La defensora pública federal Daniele Osório afirmó a SUMAÚMA que las manifestaciones públicas de las personas que tienen acceso a los medios de comunicación de masas, como los políticos o quienes ocupan cargos públicos, cuando están llenas de prejuicios, refuerzan el racismo estructural contra los indígenas y contribuyen al crecimiento de esa violencia. «El discurso de los gobernantes sobre defender la propiedad con armas letales, por ejemplo, contribuye a la violencia sistémica contra los pueblos indígenas», explica Osório. «Comúnmente se piensa que la propiedad privada de algunos vale más que la vida de miles de personas que luchan por una vivienda o para reocupar sus espacios tradicionales, de los que fueron desahuciados o expulsados», concluye.
Según la defensora, la lucha es desigual. «La desproporción de las fuerzas es evidente: de un lado, personas con poder económico, armas de fuego, contratos de seguridad privada; del otro, mujeres, ancianos, niños, comunidades enteras desarmadas que intentan recuperar espacios para vivir y conservar su cultura tradicional», destaca.
Crecimiento de la violencia
De acuerdo con el informe Violencia contra los pueblos indígenas de Brasil, el número de casos de violencia contra los indígenas en 2021 es el más alto de los últimos nueve años. Según el documento, se registraron 355 casos de violencia. En 2020, hubo 304. Entre las incidencias hay asesinatos e intentos de asesinato, racismo, violencia sexual, amenazas de muerte y otras situaciones.
Roberto Liebgott, coordinador del Consejo Indigenista Misionero Sur, explica que el informe sobre la violencia quiere denunciar una realidad de brutalidades contra los pueblos indígenas de Brasil y, a la vez, exigir a los poderes públicos medidas para combatir la violencia y castigar a los responsables, tanto particulares como agentes públicos. «Registramos casos de asesinatos brutales contra indígenas, algunos con tintes de crueldad, apuñalamientos, envenenamientos y hasta descuartizamientos», afirma Liebgott.
Las invasiones sistemáticas de las tierras han provocado una devastación sin igual en los últimos tres años, explica. «El contingente de madereros, mineros, grileiros, arrendatarios financiados por empresas, amparados por el Gobierno y con una infraestructura altamente destructiva, arrasan los territorios de forma intensa. Si antes se deforestaba con hacha y motosierra, hoy se hace con grandes equipos y máquinas devastadoras», subraya Liebgott.

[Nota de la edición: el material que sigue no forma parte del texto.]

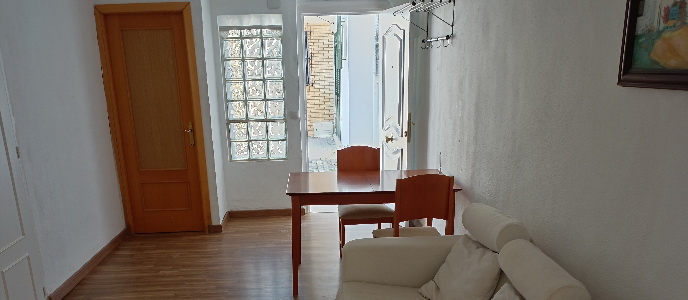 salon en vivienda  de Sevilla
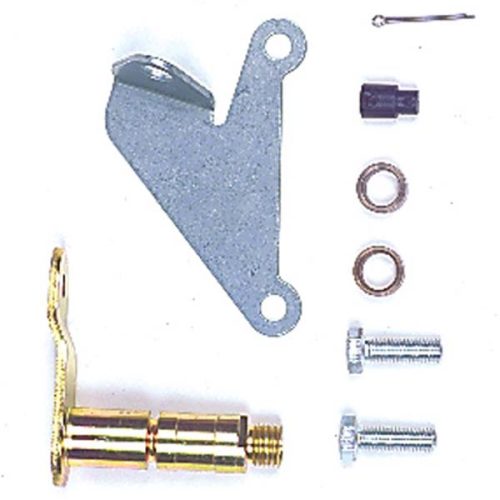 B&M BRACKET & LEVER KIT, AOD  FORD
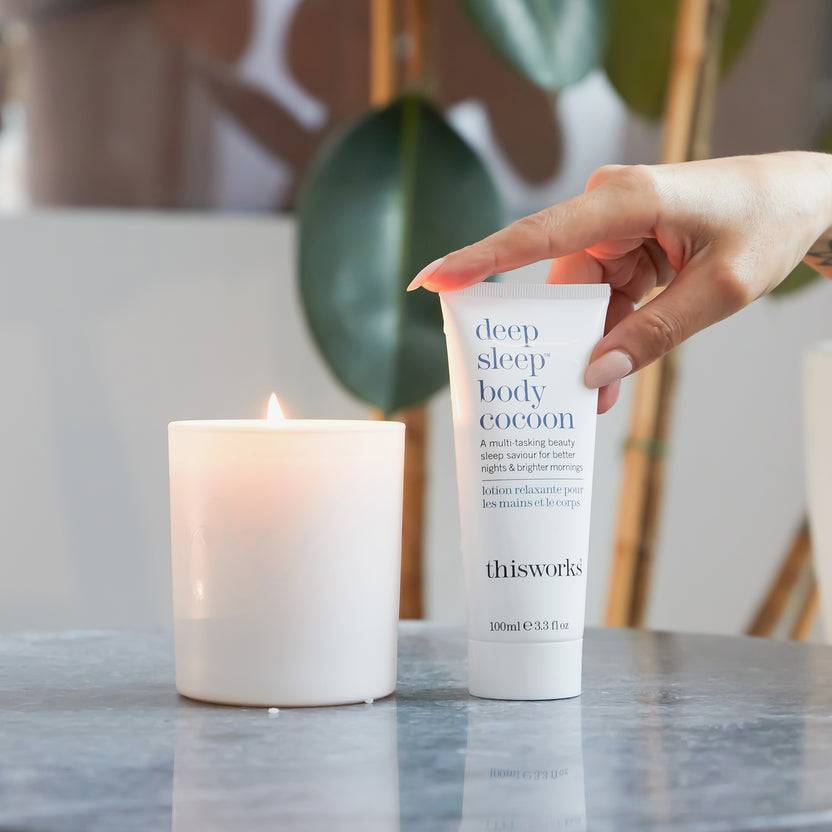 This Works Deep Sleep Body Cocoon (100ml) Neueste Mode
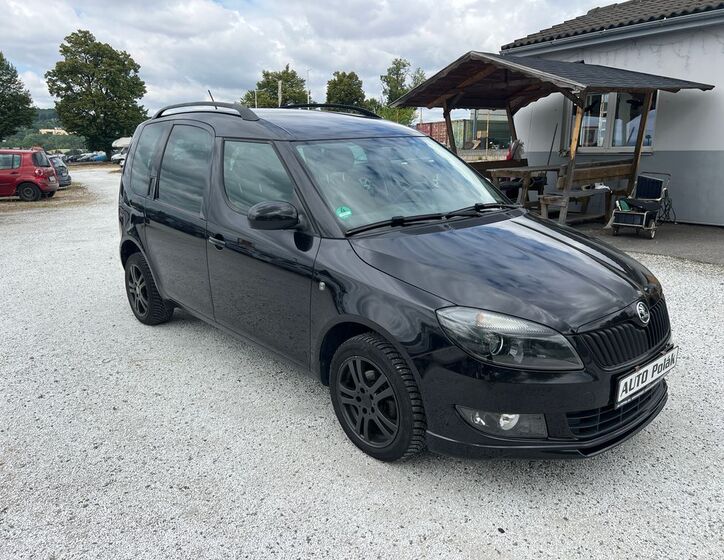 Škoda Roomster 2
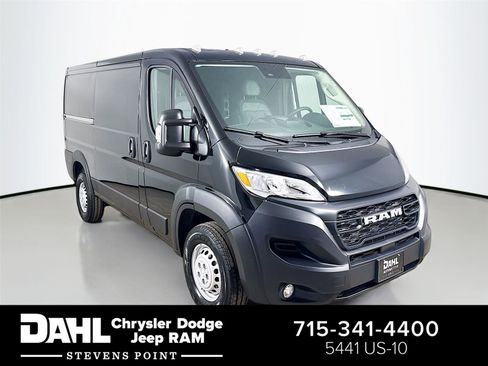 New 2026 RAM ProMaster 1500 w/ Convenience Group image 1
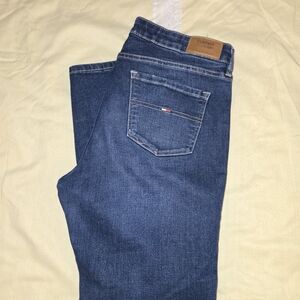 Tommy Hilfiger Blue Jeans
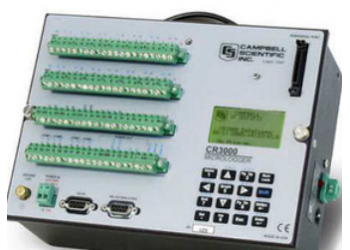 CR3000型數據采集器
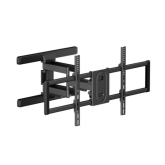 Suport TV Equip 650348, 43 - 100 inch, Black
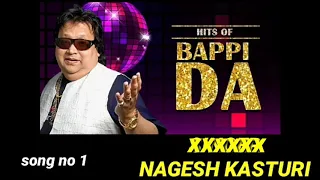 MAUSAM HAI GAANE KA/BAPPI DA.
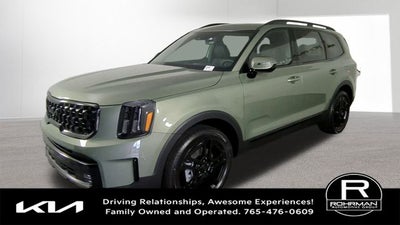 2025 Kia Telluride SX X-Line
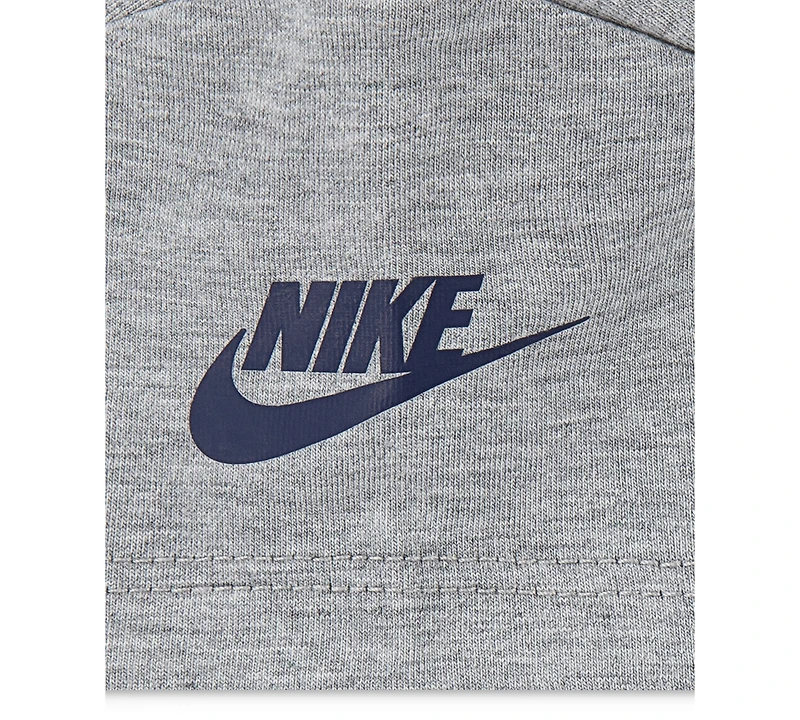 Nike Baby Split Futura T-Shirt & Shorts, 2 Piece Set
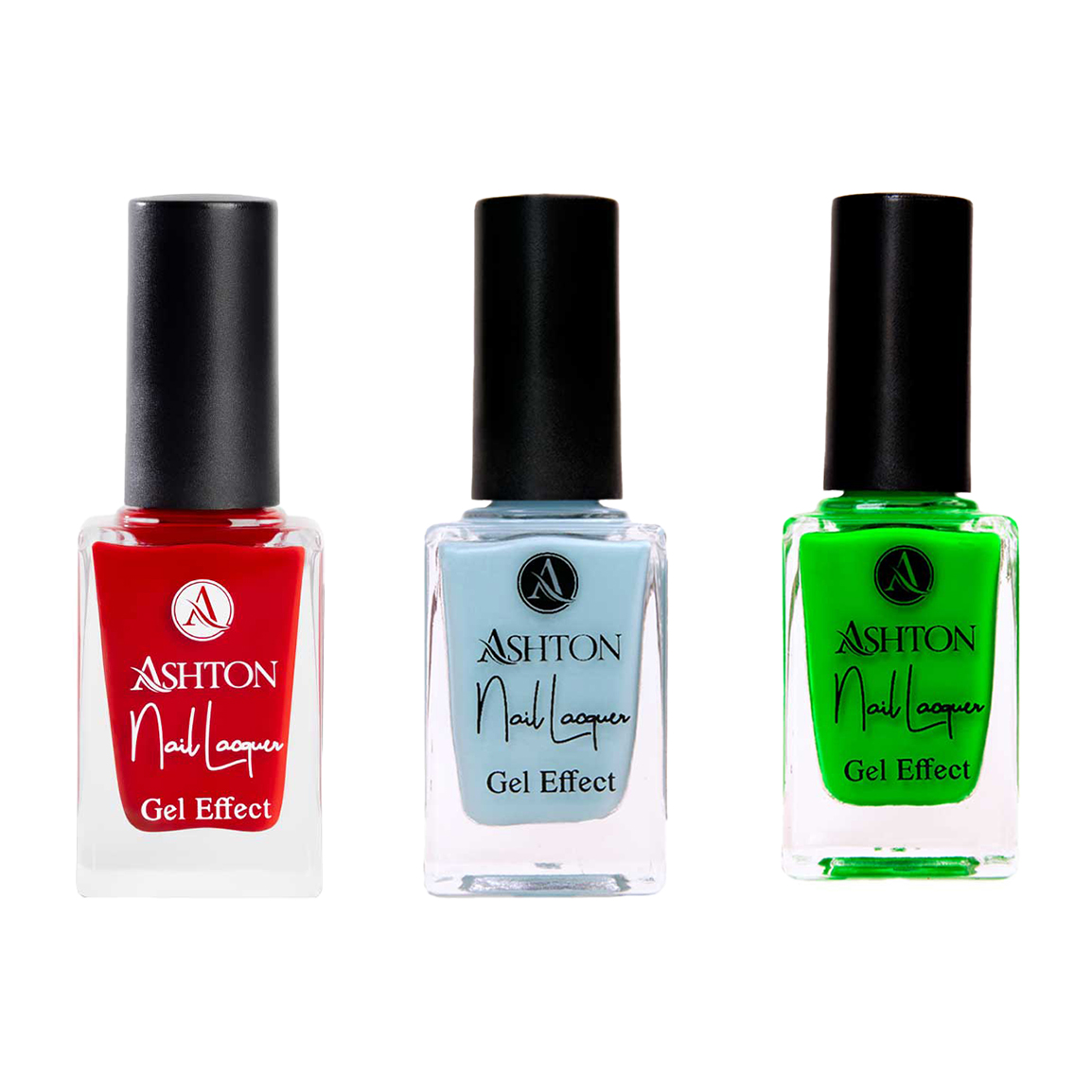 پک 3 عددی لاک ناخن با ارسال رنگ رندوم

Es urgente que se retome la política indigenista en Brasil, afirma, «teniendo como ejes aglutinadores el respeto a los modos de ser y vivir de los pueblos, y la demarcación, protección y vigilancia de todas las tierras indígenas». Liebgott también explica que es necesario que el Gobierno reestructure los organismos responsables de ejecutar la política indigenista, especialmente la Fundación Nacional del Indígena (Funai) y la Secretaría Especial de Salud Indígena (Sesai), «rompiendo definitivamente con los prejuicios y la falta de respeto a las culturas». «Si no se toman medidas para proteger los territorios y garantizar los derechos, en adelante los tiempos serán más sombríos», afirma.